The listing below should be printed in full and exactly, apart from its images.

* STORED DATA:
-- Opening Marker --

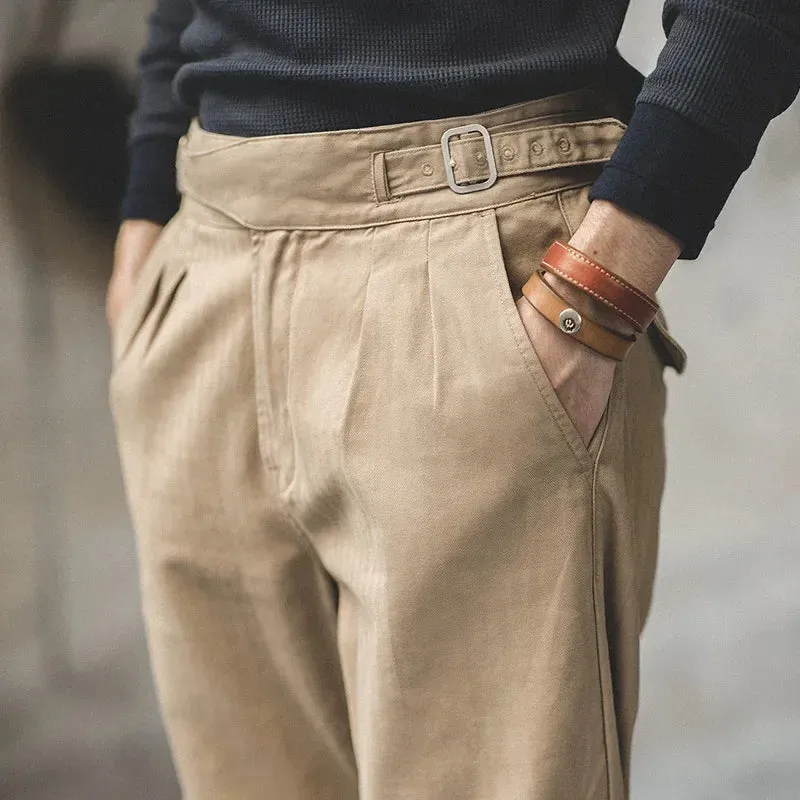 Vintage Horgue Khurkha Suit Pants - Straight Leg Casual Khaki Pants for Men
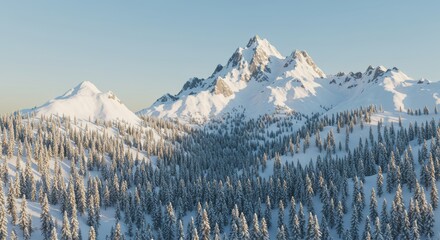 Snow-covered mountain peaks rise above a dense forest of evergreen trees, all blanketed in white snow under a clear, blue sky.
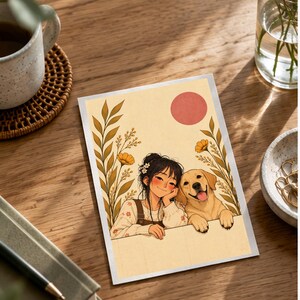 A Girl and Her Gentle Companion — digital illustration shown as a display example. No physical item, frame or props included.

-- Closing Marker --

* YOUR SOLUTION:
 Vintage Horgue Khurkha Suit Pants - Straight Leg Casual Khaki Pants for Men
 Snow-covered mountain peaks rise above a dense forest of evergreen trees, all blanketed in white snow under a clear, blue sky.
 A Girl and Her Gentle Companion — digital illustration shown as a display example. No physical item, frame or props included.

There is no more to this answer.